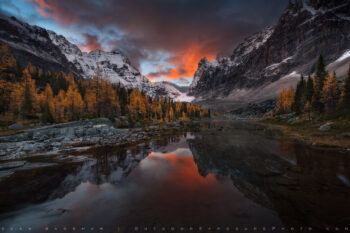 Gold Rush Print, Rocky Mountains, Canada Gold Rush Print, Rocky Mountains, Canada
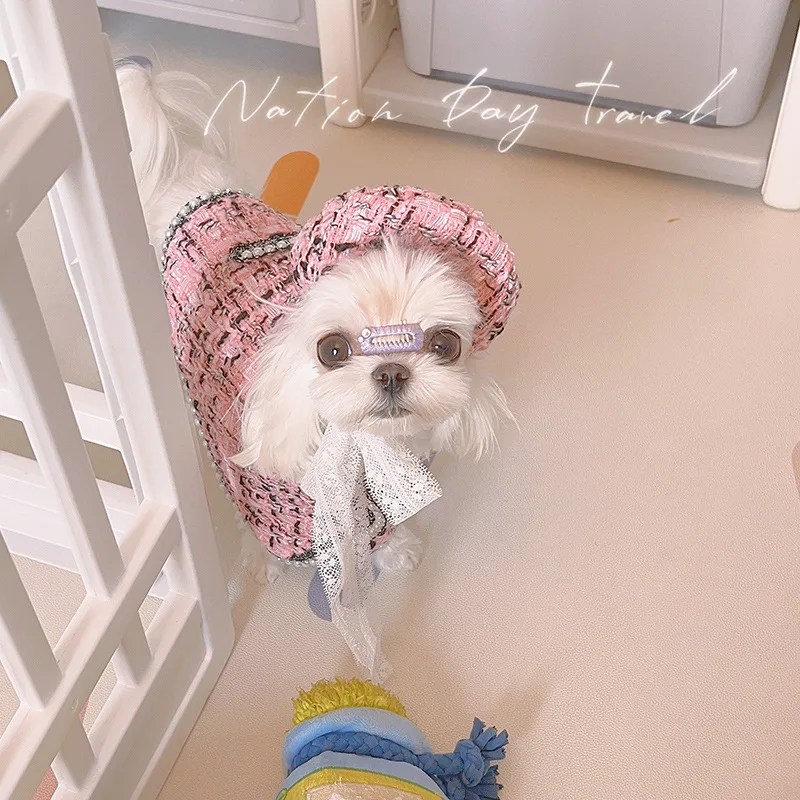 New Winter Pet Cloak Cute Dog Shawl Hat Set Maltese Cat Dog Clothes Christmas Gift Luxury Design Dog Clothes Birthday Present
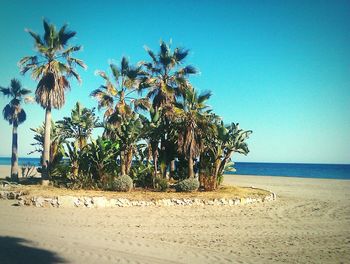 Palm trees on beach against clear blue sky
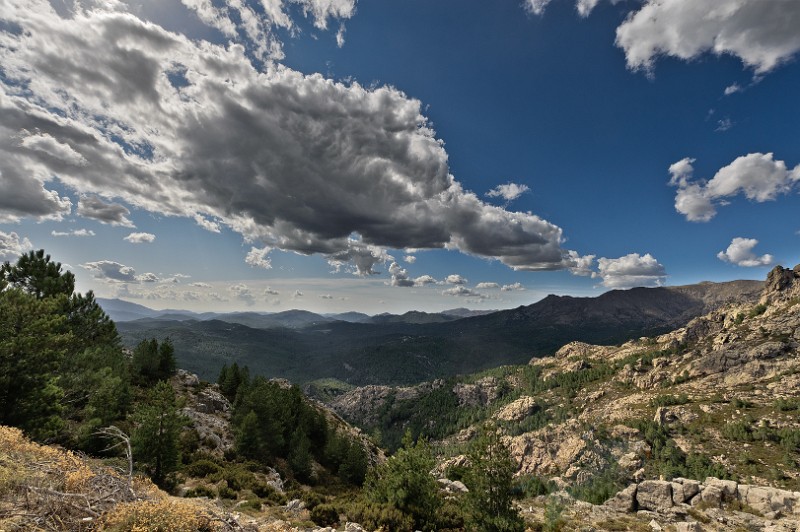Corsica 11 0314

**TASK INSTRUCTIONS**:
From the line that contains "New Winter Pet" to the final line of the material, write out each line exactly. Pictures stay out.

**EXERCISE ANSWER**:
 New Winter Pet Cloak Cute Dog Shawl Hat Set Maltese Cat Dog Clothes Christmas Gift Luxury Design Dog Clothes Birthday Present
 Palm trees on beach against clear blue sky
Corsica 11 0314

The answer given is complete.